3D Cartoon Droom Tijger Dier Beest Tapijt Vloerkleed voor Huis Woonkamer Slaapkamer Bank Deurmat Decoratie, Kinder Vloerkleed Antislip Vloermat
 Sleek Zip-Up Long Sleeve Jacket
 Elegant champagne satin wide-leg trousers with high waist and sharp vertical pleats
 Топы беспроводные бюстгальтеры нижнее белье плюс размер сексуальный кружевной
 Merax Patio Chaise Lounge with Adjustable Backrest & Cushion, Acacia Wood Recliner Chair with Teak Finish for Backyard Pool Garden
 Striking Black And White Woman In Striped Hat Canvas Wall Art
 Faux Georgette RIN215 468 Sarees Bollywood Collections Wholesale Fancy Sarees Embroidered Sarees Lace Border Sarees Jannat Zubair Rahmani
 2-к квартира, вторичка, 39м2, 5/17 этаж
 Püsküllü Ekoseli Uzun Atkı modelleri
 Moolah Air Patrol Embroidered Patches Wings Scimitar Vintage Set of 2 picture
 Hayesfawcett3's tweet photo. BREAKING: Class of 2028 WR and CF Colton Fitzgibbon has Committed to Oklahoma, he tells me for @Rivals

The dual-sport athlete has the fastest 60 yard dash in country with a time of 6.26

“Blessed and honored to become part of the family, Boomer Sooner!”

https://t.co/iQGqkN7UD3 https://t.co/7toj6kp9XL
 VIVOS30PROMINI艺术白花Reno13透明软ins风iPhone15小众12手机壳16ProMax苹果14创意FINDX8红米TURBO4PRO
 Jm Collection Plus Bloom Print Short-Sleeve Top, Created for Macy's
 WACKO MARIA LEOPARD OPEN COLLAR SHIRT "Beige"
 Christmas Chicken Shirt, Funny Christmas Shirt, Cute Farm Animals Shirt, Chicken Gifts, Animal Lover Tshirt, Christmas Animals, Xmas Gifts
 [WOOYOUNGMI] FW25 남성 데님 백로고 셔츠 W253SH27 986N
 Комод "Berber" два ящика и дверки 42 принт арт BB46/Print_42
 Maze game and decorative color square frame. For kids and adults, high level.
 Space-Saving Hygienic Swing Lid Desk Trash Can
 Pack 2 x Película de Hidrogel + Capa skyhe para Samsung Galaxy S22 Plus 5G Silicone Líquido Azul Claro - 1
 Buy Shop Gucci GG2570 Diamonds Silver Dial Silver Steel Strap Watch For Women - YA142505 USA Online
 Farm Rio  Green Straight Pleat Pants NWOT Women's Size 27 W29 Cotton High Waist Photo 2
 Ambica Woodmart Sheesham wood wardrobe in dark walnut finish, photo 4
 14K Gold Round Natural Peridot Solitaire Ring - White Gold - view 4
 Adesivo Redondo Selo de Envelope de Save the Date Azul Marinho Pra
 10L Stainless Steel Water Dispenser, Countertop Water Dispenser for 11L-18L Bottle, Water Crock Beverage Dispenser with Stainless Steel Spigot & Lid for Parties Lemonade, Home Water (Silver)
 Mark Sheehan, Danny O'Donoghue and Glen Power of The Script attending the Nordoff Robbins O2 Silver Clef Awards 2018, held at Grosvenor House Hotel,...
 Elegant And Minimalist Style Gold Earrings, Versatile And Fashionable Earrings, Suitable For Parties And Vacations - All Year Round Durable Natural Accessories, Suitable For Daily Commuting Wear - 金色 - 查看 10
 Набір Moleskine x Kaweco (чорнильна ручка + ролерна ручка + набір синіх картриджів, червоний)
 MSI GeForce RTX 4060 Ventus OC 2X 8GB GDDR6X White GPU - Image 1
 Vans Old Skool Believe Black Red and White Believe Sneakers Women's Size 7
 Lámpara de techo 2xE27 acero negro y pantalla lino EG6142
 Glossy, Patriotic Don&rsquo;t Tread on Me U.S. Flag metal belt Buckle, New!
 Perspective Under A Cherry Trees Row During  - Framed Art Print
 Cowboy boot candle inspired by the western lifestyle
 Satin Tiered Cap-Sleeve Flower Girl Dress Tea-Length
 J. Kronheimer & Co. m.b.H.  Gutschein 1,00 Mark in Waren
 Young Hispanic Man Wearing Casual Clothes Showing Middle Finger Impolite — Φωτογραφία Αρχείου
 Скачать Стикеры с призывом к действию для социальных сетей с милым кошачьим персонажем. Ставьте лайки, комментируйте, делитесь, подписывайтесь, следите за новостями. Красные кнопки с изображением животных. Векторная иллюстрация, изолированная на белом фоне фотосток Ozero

> _What you should do_
Look through the entries and copy every line in which the string "Parties" appears.

> _Answer for the task_
 10L Stainless Steel Water Dispenser, Countertop Water Dispenser for 11L-18L Bottle, Water Crock Beverage Dispenser with Stainless Steel Spigot & Lid for Parties Lemonade, Home Water (Silver)
 Elegant And Minimalist Style Gold Earrings, Versatile And Fashionable Earrings, Suitable For Parties And Vacations - All Year Round Durable Natural Accessories, Suitable For Daily Commuting Wear - 金色 - 查看 10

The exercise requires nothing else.